_EXERCISE DIRECTIONS_.
Locate the string "with" in the records below. Copy every line where it occurs.

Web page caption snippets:
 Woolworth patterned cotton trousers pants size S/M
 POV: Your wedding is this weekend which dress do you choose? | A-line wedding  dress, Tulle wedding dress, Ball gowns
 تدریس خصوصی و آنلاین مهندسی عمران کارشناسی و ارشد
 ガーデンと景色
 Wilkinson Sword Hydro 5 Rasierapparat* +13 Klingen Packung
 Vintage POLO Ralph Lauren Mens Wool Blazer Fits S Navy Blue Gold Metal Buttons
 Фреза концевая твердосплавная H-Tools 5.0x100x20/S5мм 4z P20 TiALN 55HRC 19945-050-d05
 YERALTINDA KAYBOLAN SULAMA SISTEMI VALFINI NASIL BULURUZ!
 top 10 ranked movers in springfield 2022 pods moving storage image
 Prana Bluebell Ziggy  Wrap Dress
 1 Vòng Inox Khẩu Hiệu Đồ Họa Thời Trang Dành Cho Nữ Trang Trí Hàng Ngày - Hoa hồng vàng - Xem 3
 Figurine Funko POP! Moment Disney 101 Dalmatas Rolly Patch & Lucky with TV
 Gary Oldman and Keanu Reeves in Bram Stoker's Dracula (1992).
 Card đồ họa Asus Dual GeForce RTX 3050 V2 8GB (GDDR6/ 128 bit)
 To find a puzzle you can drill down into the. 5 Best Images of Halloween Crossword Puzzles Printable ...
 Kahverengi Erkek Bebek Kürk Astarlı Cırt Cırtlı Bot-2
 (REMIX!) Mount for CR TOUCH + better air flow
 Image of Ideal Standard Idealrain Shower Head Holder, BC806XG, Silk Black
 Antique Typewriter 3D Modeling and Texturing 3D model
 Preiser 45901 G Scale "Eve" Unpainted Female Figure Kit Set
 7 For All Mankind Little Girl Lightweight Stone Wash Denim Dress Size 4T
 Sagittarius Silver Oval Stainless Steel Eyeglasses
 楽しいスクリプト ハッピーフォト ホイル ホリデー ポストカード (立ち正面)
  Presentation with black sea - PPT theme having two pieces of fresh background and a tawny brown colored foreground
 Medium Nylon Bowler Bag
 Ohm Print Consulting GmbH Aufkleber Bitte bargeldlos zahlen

_TASK ANSWER_.
 Figurine Funko POP! Moment Disney 101 Dalmatas Rolly Patch & Lucky with TV
  Presentation with black sea - PPT theme having two pieces of fresh background and a tawny brown colored foreground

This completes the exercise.